In my Google CTF entry for writeonly this year, I wrote my first stage shellcode in C, which was somewhat novel in and of itself, as it seemed like few people were willing to brave linker scripts to be able to write shellcode in C. My hubris does not stop at C, however, and the crab language seemed well suited for a port.

Source code here

As with the previous C implementation, what we are doing here, with this particular CTF challenge is fundamentally the same thing as operating system kernels generally do, where they are loaded into memory with memcpy, then jumped to without any real setup.

The first step was figuring out how to generate an executable with nothing in it. I consulted an OS dev guide for how to do this, and we do essentially the same thing here, but adding our own section attribute to make sure the linker places the function correctly.

src/main.rs:

#![no_std]
#![no_main]
#[panic_handler]
fn panic(_: &core::panic::PanicInfo) -> ! {
loop {}
}
#[no_mangle]
#[link_section = ".text.prologue"]
pub extern "C" fn _start() -> ! {
loop {}
}

The next step was to set up Cargo. A trivial Cargo.toml is written, with panic = "abort" set to avoid any unwinding machinery. opt-level = "z" initially ballooned my code size, but after turning on LTO on advice of a Rust size optimization guide, I got a massive win in code size, for the first time getting under 255 bytes.

Cargo.toml:

[package]
name = "shellcode"
edition = "2018"
version = "0.0.0"

[profile.dev]
panic = "abort"

[profile.release]
panic = "abort"
# these two cut code size by 2/3
opt-level = "z"
lto = true

.cargo/config.toml:

[build]
rustflags = ["-C", "link-arg=-nostdlib", "-C", "link-arg=-static", "-C", "link-arg=-Wl,-Tshellcode.ld,--build-id=none"]

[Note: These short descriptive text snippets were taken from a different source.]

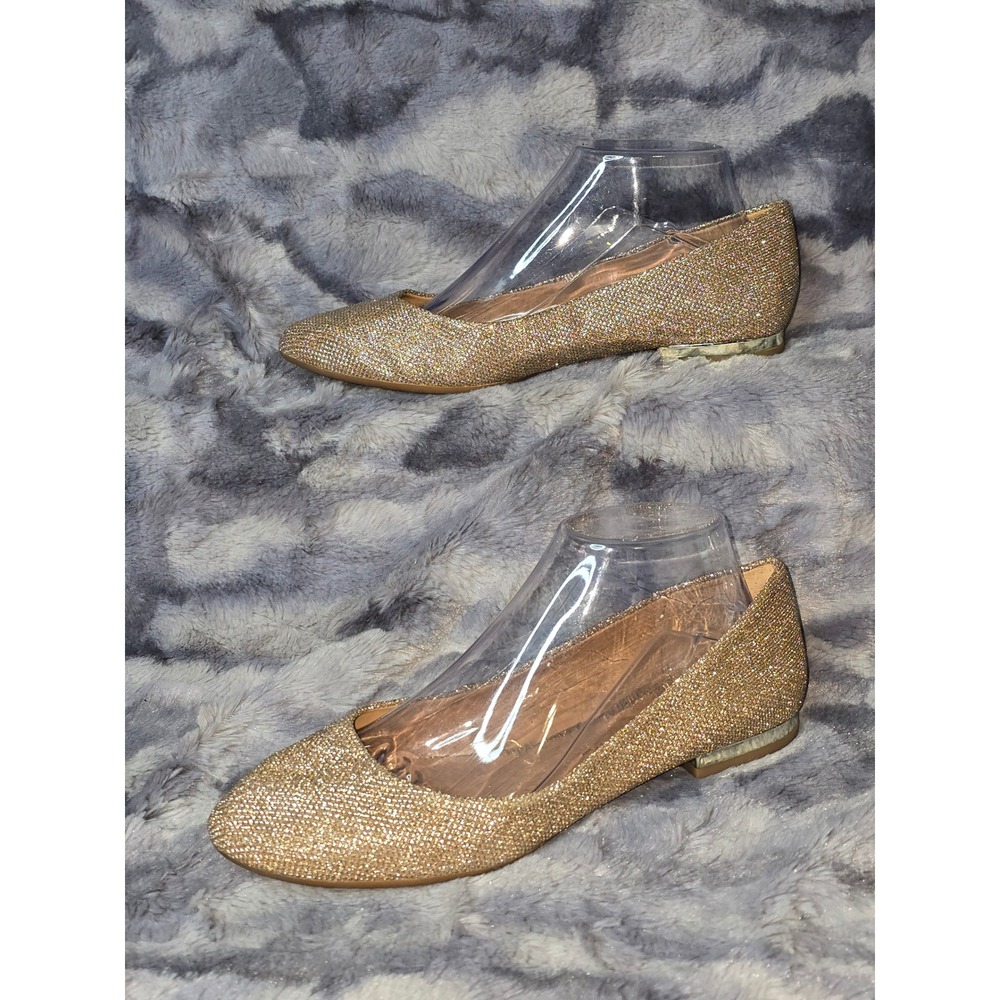 NWOT Jessica Simpson‎ Ginly Womens Gold Sparkle Ballet Flats Size 8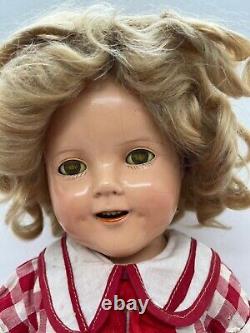 Shirley Temple Doll Ideal Composition 18in Original Dress Pin Shoes Vintage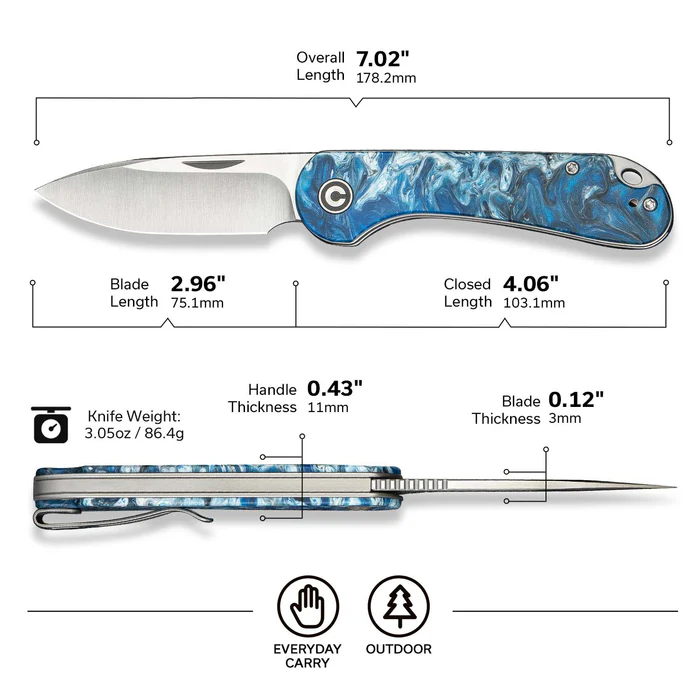 CIVIVI Elementum Slip Joint Knife Resin Handle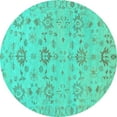 thumbnail image 1 of Ahgly Company Machine Washable Indoor Round Oriental Turquoise Blue Traditional Area Rugs, 3' Round, 1 of 4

Internally, on Linux, Rust uses gcc as a linker, so I took the meaningful gcc linking-stage flags and ported them directly over, and they just worked.


Back to programming, I needed system calls. After very briefly considering using a libc to deal with this stuff and throwing out the idea out of code size concerns, I just grabbed the same assembly routines from the C implementation. Rust has a really nice inline asm syntax which makes asm declarations clearer, and also has far better error messages than Clang or GCC provide with their respective assemblers, so this required a slight bit of porting.

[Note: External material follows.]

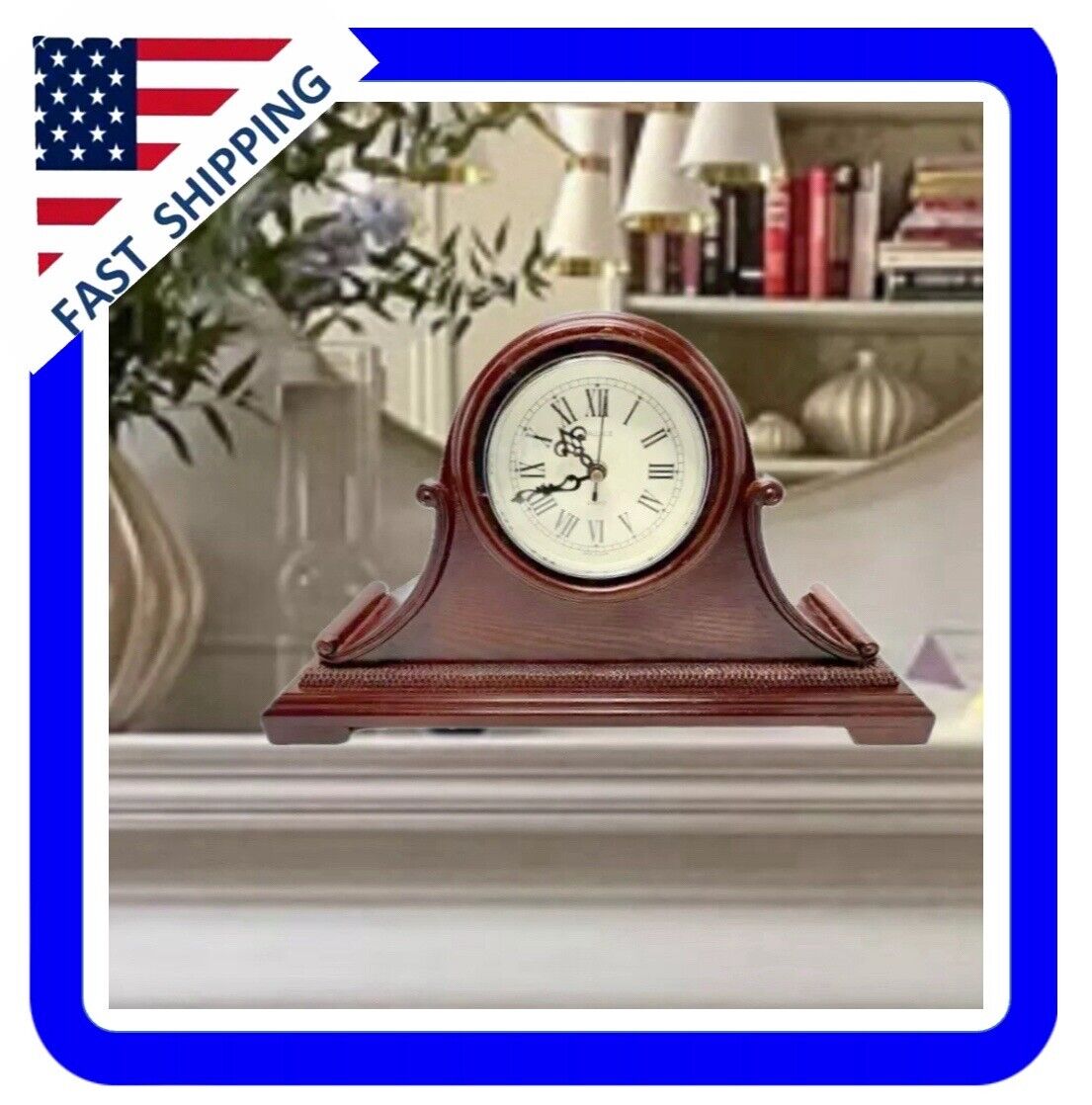 Vintage Wallace Silversmith Cherry Wood Grain Quartz Mantel Clock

unsafe fn syscall2(scnum: u64, arg1: u64, arg2: u64) -> u64 {
let ret: u64;
asm!(
"syscall",
in("rax") scnum,
in("rdi") arg1,
in("rsi") arg2,
out("rcx") _,
out("r11") _,
lateout("rax") ret,
options(nostack),
);
ret
}

Compare to the C equivalent:

static inline long syscall2(long n, long a1, long a2)
{
unsigned long ret;
__asm__ __volatile__ ("syscall" : "=a"(ret) : "a"(n), "D"(a1), "S"(a2) : "rcx", "r11", "memory");
return ret;
}

which uses hard-to-see colons as delimeters for the input, output, and clobber lists and shortened single character versions of the registers that are sometimes capitals if there are two with the same letter, e.g. rdx and rdi. Also, if you're using Clang, there is no way to use Intel syntax for inline assembly.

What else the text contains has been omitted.